Beneath this instruction is a listing; print exactly the lines in it starting at the line that contains "Lambskin Cannage Medium Lady Dior Light Pink" and going through the line that contains "Fotolijst 18x24 cm".
<<<<
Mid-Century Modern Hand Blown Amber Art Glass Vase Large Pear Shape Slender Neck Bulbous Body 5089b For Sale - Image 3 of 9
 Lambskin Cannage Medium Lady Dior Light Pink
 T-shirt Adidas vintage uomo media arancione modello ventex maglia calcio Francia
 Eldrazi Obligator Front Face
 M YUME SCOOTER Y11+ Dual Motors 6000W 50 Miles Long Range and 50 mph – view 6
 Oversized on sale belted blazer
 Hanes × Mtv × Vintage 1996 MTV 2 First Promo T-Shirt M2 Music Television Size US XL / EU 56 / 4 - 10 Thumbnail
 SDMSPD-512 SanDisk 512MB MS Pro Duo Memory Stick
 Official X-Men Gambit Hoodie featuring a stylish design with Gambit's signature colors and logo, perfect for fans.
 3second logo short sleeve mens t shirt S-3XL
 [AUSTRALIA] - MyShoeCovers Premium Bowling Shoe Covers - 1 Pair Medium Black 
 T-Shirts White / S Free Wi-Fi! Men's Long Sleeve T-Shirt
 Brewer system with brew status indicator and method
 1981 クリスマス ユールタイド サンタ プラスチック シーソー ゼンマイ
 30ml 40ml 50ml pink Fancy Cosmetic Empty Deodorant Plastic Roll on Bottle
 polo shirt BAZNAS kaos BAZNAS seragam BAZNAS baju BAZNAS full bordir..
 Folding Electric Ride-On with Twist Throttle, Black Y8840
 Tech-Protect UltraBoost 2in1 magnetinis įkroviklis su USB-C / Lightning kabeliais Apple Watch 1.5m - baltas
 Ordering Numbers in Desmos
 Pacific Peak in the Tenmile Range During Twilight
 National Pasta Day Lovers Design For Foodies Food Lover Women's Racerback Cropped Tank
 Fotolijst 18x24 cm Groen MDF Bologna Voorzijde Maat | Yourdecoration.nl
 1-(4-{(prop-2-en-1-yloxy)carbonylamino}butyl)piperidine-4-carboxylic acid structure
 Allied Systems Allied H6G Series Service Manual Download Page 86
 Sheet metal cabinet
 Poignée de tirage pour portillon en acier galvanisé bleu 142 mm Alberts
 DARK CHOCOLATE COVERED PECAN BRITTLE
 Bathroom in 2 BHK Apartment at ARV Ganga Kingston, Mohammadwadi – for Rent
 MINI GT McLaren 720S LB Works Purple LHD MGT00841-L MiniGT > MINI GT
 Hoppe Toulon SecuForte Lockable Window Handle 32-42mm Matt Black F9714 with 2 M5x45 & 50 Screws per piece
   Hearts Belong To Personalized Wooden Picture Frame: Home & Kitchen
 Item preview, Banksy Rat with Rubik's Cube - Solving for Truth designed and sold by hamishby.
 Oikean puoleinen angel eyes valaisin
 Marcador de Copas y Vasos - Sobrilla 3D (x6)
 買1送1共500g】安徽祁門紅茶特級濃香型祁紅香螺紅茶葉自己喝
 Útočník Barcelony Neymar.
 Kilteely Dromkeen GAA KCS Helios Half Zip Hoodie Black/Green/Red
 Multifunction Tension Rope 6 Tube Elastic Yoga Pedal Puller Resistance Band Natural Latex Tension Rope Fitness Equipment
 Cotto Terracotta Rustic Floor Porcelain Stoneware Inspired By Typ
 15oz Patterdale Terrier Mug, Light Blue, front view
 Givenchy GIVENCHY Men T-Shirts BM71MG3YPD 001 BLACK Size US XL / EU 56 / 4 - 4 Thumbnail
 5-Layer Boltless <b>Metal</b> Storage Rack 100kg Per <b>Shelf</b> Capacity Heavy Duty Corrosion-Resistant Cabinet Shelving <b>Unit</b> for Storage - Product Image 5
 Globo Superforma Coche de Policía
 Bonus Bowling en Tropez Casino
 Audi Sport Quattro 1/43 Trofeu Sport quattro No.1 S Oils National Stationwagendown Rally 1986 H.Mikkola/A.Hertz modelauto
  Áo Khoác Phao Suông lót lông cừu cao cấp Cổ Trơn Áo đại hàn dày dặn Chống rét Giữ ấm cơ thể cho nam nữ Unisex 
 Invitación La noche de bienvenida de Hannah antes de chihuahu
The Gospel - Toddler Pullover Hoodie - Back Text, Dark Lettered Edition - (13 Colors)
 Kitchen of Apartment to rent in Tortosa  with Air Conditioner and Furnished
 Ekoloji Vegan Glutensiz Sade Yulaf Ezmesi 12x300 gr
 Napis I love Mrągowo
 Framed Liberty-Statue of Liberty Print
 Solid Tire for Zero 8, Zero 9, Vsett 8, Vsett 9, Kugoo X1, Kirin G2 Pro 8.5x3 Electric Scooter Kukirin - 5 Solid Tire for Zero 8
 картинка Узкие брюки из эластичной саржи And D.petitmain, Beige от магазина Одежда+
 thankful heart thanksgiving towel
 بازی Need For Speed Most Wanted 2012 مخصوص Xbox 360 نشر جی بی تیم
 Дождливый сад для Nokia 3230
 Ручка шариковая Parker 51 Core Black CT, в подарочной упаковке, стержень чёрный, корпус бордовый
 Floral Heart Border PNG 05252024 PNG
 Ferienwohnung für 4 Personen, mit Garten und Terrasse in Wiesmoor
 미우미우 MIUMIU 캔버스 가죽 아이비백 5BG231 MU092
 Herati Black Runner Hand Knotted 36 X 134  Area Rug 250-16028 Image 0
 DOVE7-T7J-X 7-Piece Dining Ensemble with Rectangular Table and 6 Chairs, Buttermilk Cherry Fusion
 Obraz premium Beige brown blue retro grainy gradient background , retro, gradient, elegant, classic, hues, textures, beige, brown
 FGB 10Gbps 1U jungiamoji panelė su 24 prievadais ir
>>>>
→ Answer section:
 Lambskin Cannage Medium Lady Dior Light Pink
 T-shirt Adidas vintage uomo media arancione modello ventex maglia calcio Francia
 Eldrazi Obligator Front Face
 M YUME SCOOTER Y11+ Dual Motors 6000W 50 Miles Long Range and 50 mph – view 6
 Oversized on sale belted blazer
 Hanes × Mtv × Vintage 1996 MTV 2 First Promo T-Shirt M2 Music Television Size US XL / EU 56 / 4 - 10 Thumbnail
 SDMSPD-512 SanDisk 512MB MS Pro Duo Memory Stick
 Official X-Men Gambit Hoodie featuring a stylish design with Gambit's signature colors and logo, perfect for fans.
 3second logo short sleeve mens t shirt S-3XL
 [AUSTRALIA] - MyShoeCovers Premium Bowling Shoe Covers - 1 Pair Medium Black 
 T-Shirts White / S Free Wi-Fi! Men's Long Sleeve T-Shirt
 Brewer system with brew status indicator and method
 1981 クリスマス ユールタイド サンタ プラスチック シーソー ゼンマイ
 30ml 40ml 50ml pink Fancy Cosmetic Empty Deodorant Plastic Roll on Bottle
 polo shirt BAZNAS kaos BAZNAS seragam BAZNAS baju BAZNAS full bordir..
 Folding Electric Ride-On with Twist Throttle, Black Y8840
 Tech-Protect UltraBoost 2in1 magnetinis įkroviklis su USB-C / Lightning kabeliais Apple Watch 1.5m - baltas
 Ordering Numbers in Desmos
 Pacific Peak in the Tenmile Range During Twilight
 National Pasta Day Lovers Design For Foodies Food Lover Women's Racerback Cropped Tank
 Fotolijst 18x24 cm Groen MDF Bologna Voorzijde Maat | Yourdecoration.nl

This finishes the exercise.